祐太朗は美香の目の前で村山に話し掛け、美香のことを訊ねた。村山は涙と感情を目と表情に溜め込んで、美香の生年月日や好きなもの、嫌いなもの、幼い頃のことから自分と付き合っていた頃のエピソードを披露し、祐太朗はそれを反復するように口にした。
美香は手で口許を覆った。
「充……!?」
美香は祐太朗から視線を剃らしつつ、そのサイドを右に左に眺め回しながら祐太朗と村山のほうへ歩み寄った。が、彼女の水晶体が充の姿を捉えることはなかった。

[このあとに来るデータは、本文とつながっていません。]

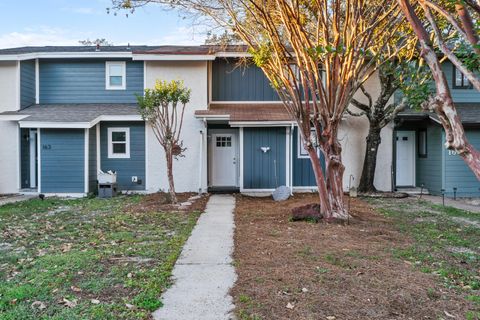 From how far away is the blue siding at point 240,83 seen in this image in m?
15.4

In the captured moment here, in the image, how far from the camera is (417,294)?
437 centimetres

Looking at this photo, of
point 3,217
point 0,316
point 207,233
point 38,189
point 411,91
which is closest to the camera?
point 0,316

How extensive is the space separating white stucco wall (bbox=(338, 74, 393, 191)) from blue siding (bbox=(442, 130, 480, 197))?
186 cm

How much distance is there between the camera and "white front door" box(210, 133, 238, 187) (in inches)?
608

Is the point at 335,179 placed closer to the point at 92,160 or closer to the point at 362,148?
the point at 362,148

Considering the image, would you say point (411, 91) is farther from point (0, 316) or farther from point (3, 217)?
point (3, 217)

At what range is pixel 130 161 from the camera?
14.8 m

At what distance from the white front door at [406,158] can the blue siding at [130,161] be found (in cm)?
950

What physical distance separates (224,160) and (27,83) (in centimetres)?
774

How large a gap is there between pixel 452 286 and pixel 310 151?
463 centimetres

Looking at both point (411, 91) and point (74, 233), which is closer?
point (411, 91)

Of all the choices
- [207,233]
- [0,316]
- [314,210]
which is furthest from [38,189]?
[0,316]

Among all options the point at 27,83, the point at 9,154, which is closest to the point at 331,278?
the point at 9,154

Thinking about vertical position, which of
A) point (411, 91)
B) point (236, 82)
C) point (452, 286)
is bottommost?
point (452, 286)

「充は……! どこにいるんです!? どんな格好で、どうなっているんです!?」
祐太朗のジャケットの胸もとをギュッと掴み、美香は懸命に祐太朗に訴え掛けた。祐太朗は、チラッと村山のほうをチラッと見た。
ボロボロで土埃にまみれたスーツを着た村山ーー顔や手には事故で生じた擦り傷が痛々しく残っている。祐太朗はーー
「非常に綺麗だ。多分、亡くなる前の格好だろう。しっかりと仕立て上げられたスーツに高級感のあるコート、髪はこの時の為に時間がない中、しっかりと整えたんだろうな。顔も綺麗なもんだ。傷ひとつない」
村山は驚きを隠せず、自分の衣服、皮膚を確認した。が、そこには確かに埃だらけのスーツと傷だらけの皮膚があった。
「村山は、デートにいく格好で、事故の現場に留まりながら、自分の意思を伝えてくれる誰かを探して、ずっとアンタを探し続けていたんだ。アンタに、伝えたいことがあるんだとさ」
「伝えたいこと……?」
涙で目を輝かせながら、美香は祐太朗の顔を見上げた。祐太朗は村山に視線を向けた。村山は感極まったように、口を真一文字に結び、顔を震わせている。
「何かいってやれよ。一年待ったんだろ? それとも、怖くなったか?」
「んなこと……! 怖くなんか……」
「そうか……、おれは怖いけどな」
村山はキョトンとした。美香は、祐太朗と祐太朗の視線の先ーー村山がいるであろう位置へと視線をやり、祐太朗の話に耳を傾けていた。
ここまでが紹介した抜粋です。